Lisa___Good_Day_by_The_Real_Joe_Cool

THE INCREASING NUMBER of administrative cases involving mobile text messages should already alarm the legal profession.  In several recent cases, the Supreme Court has disciplined lawyers, judges and court employees mainly by reason of incriminating, scandalous or otherwise unethical text messages.

In 2005, the Supreme Court in the case of Zaldy Nuez v. Elvira Cruz-Apao had the opportunity to discuss the admissibility and probative value of text messages under the Rules on Electronic Evidence, thus –

The text messages were properly admitted by the Committee since the same are now covered by Section 1(k), Rule 2 of the Rules on Electronic Evidence, which provides:

“Ephemeral electronic communication” refers to telephone conversations, text messages … and other electronic forms of communication the evidence of which is not recorded or retained.”

Under Section 2, Rule 11 of the [said rules], “Ephemeral electronic communications shall be proven by the testimony of a person who was a party to the same or who has personal knowledge thereof … .” In this case, complainant who was the recipient of the said messages and therefore had personal knowledge thereof testified on their contents and import. Respondent herself admitted that the cellphone number reflected in complainant’s cellphone from which the messages originated was hers. Moreover, any doubt respondent may have had as to the admissibility of the text messages had been laid to rest when she and her counsel signed and attested to the veracity of the text messages between her and complainant. It is also well to remember that in administrative cases, technical rules of procedure and evidence are not strictly applied.
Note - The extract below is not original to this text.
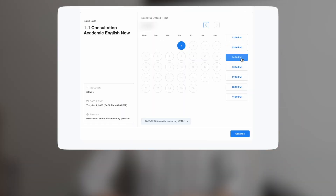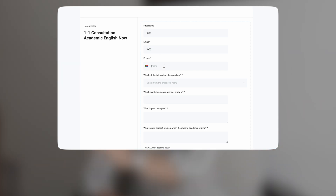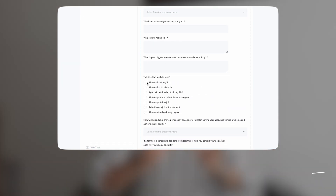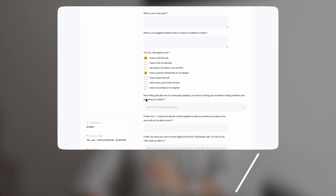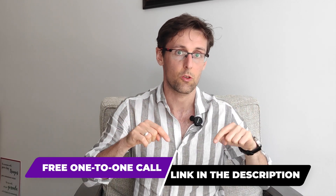If you want more personalized help finding high-impact research topics so that you can publish three or more papers every single year in top journals in your field, schedule a free one-to-one consultation with my team. We'll go over your biggest challenges, outline your goals, and see how best we can assist you to achieve your goals faster and with greater ease. The link to that completely free consultation is right below this video.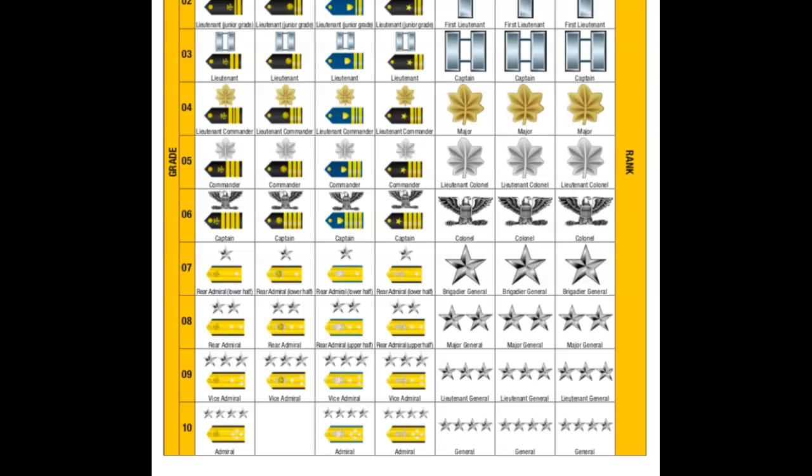At grade six, the sea services rank is Captain. Grades seven through ten are the admirals and generals, and there are four levels of each. At grade seven, the sea service rank is Rear Admiral Lower Half and land services is Brigadier General. At grade eight, sea services is Rear Admiral and land services is Major General. At grade nine, sea services is Vice Admiral and land services is Lieutenant General. And for grade ten, sea services is Admiral and land services is General.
We have no doubt as to the probative value of the text messages as evidence in determining the guilt or lack thereof of respondent in this case.
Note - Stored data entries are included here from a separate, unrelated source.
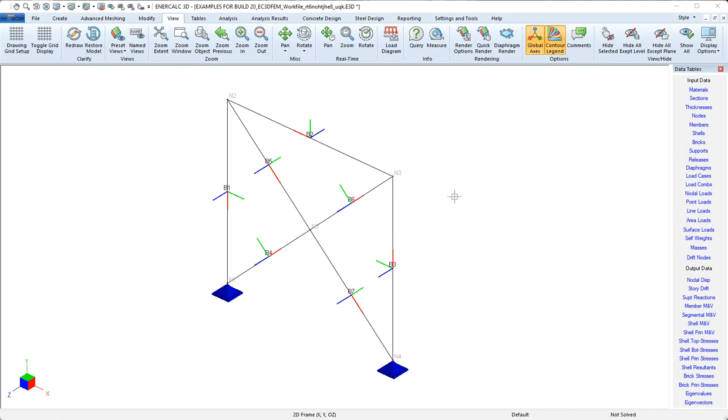The purpose of this video is to show a couple tools that come in handy if we ever have a need to modify the default orientation of a member.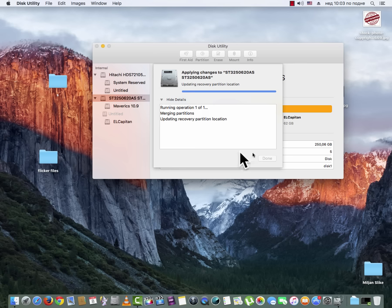And now you just need to wait for the partition manager to complete his job.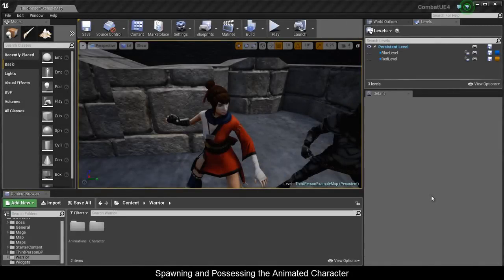Welcome to part 3 in the series. We're going to begin with setting up the character. The first part will get him to move around and spawn so we can take control of him, and then we'll proceed to doing his character attack combos and skills.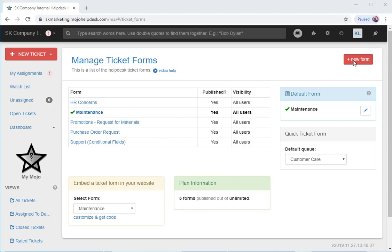In this video, I'll show you how to create and customize ticket forms for your Help Desk. You're able to create multiple ticket forms with Mojo, and it's best practice to create a form for each issue or request you handle. For example, a Help Desk might support both technical issues and HR related concerns. Having a form for each will help expedite ticket routing and service.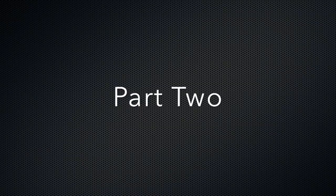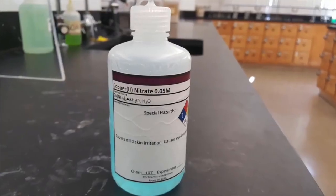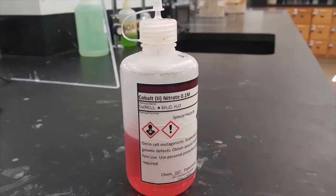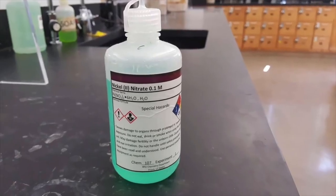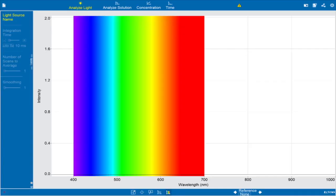We'll now begin Part 2 of the experiment. Like in Part 1, you'll be investigating Beer's Law. In Part 2a, you'll be varying substances — we have three substances: copper 2 nitrate, which is blue; cobalt 2 nitrate, which is pink; and nickel 2 nitrate, which is green. Before you begin, make sure you've downloaded the PASCO Spectrometry software onto the device that you're using.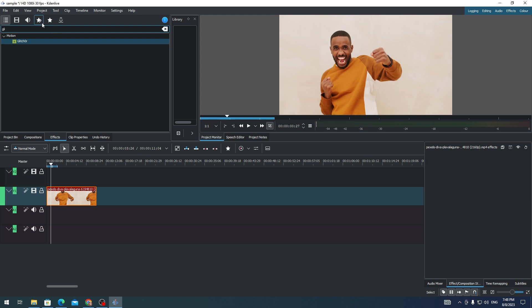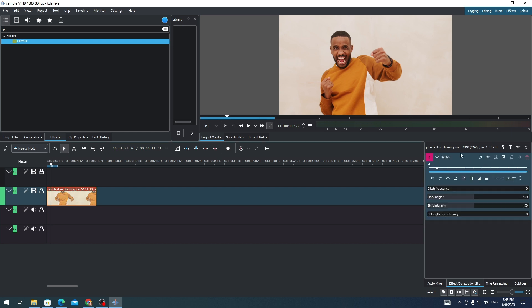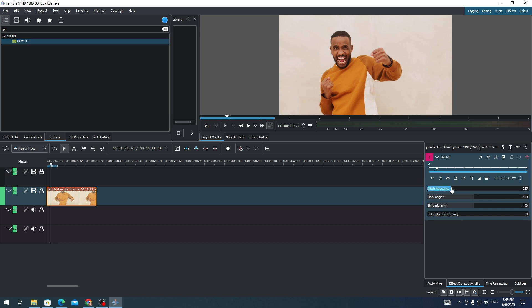You don't have to type the whole word. It will automatically show you the glitch effect. Just drag the glitch effect on your clip. Once you have this option, go to Glitch Frequency and adjust the glitch effect on your clip.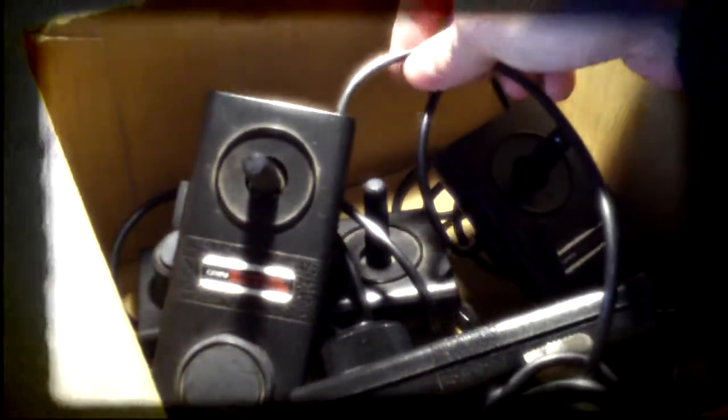I have here a box of what some of you would recognize as controllers for the Coleco Gemini console. Now the Coleco Gemini is an Atari 2600 compatible console that Coleco released after winning their court battle with Atari, when Atari claimed that they infringed on their copyright.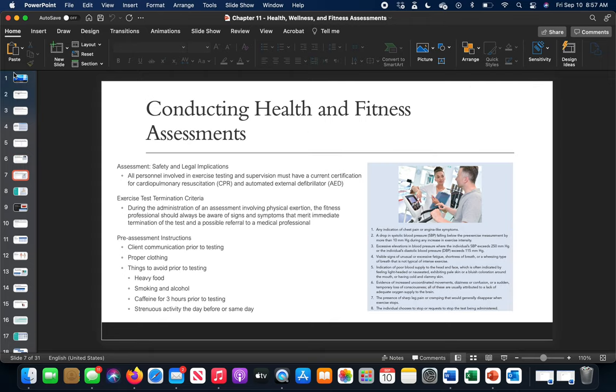Non-exercise-based assessments come first because they can be skewed by exercise. After those, we would move into testing for aerobic conditioning, strength, and power. So it goes: static or non-exercise-based assessments first, then dynamic or exercise-based assessments. We also want to make sure we're within our implications of safety and legality throughout.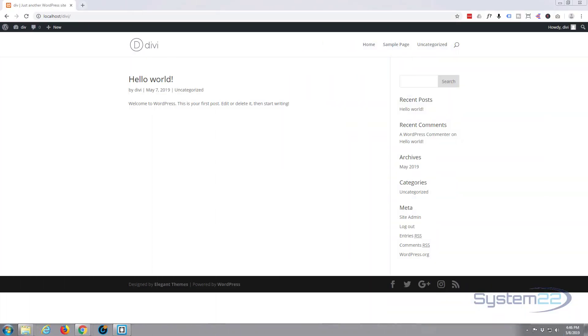Hi guys and welcome to another Divi WordPress tutorial. This is Jamie from System22 and webdesign and techtips.com.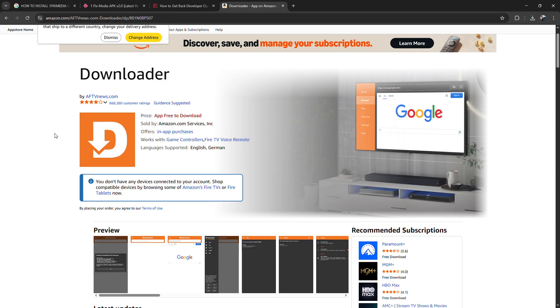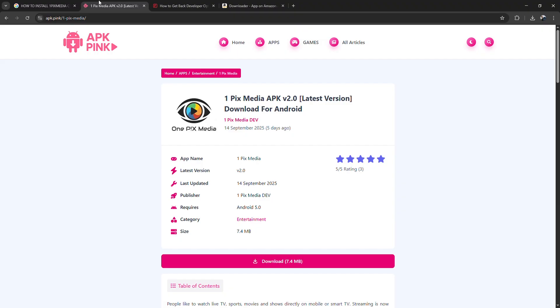Open Downloader and in the URL box, type the official OnePix Media download link. Press Go and the APK file will start downloading.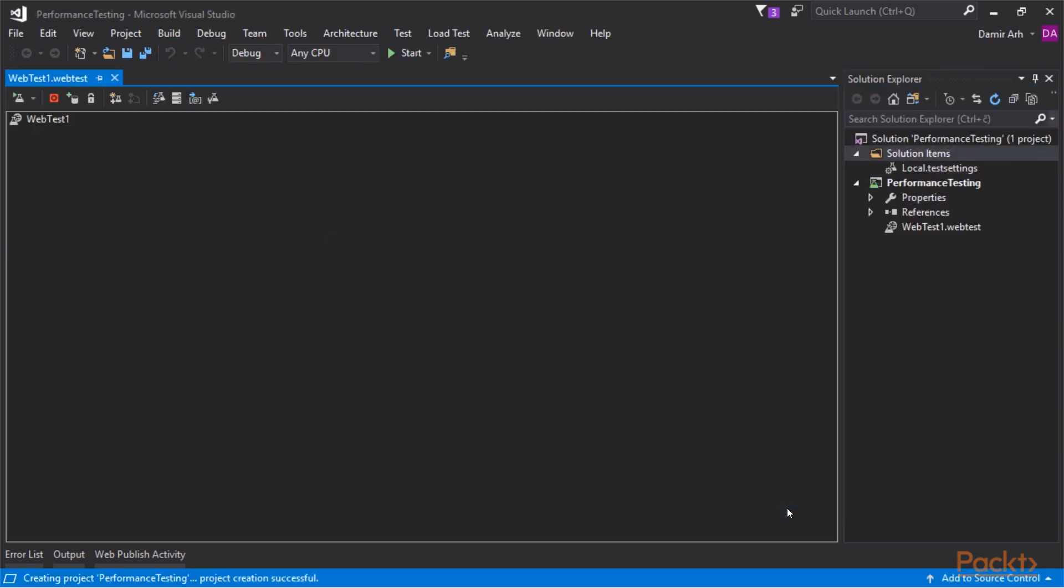As in most newly created projects in Visual Studio, there's already an empty item generated for us. Conveniently, it's a web performance test, just the one we need.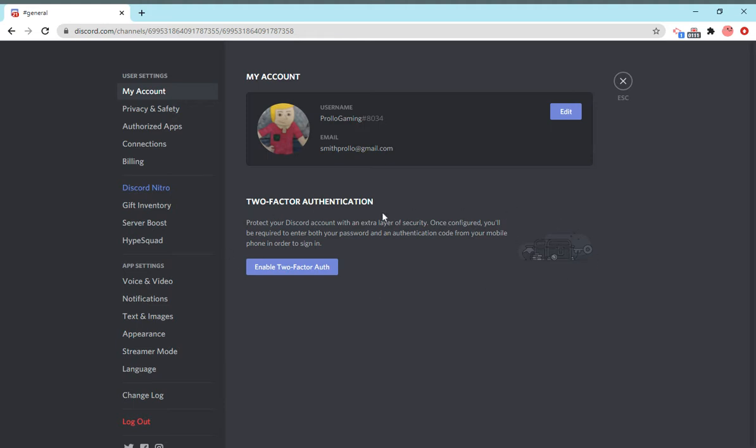Personally, I don't really want to enable it because there's not really any point of having to sign into Discord, which is something I do frequently, with the phone and stuff. But I guess nobody can guess my password because it's pretty secure.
To be able to successfully use text messages as evidence in court proceedings, it is important that the following parameters be observed:

1)      The ephemeral electronic communication (EEC) must be shown/quoted – the text of the message itself;

2)      Testimony of the person about the contents and import of the EEC must be given; and

3)      The person who will testify must be a party to the EEC or has personal knowledge thereof – usually this is the person who received the text message in his mobile/cellphone.

What is the effect if the above parameters were not observed? As a matter of course, the EEC, being improperly introduced, should be inadmissible for being hearsay evidence.  But, if no timely objection to the same is made, the court may consider the EEC admitted in evidence.  Admission may be express or tacit.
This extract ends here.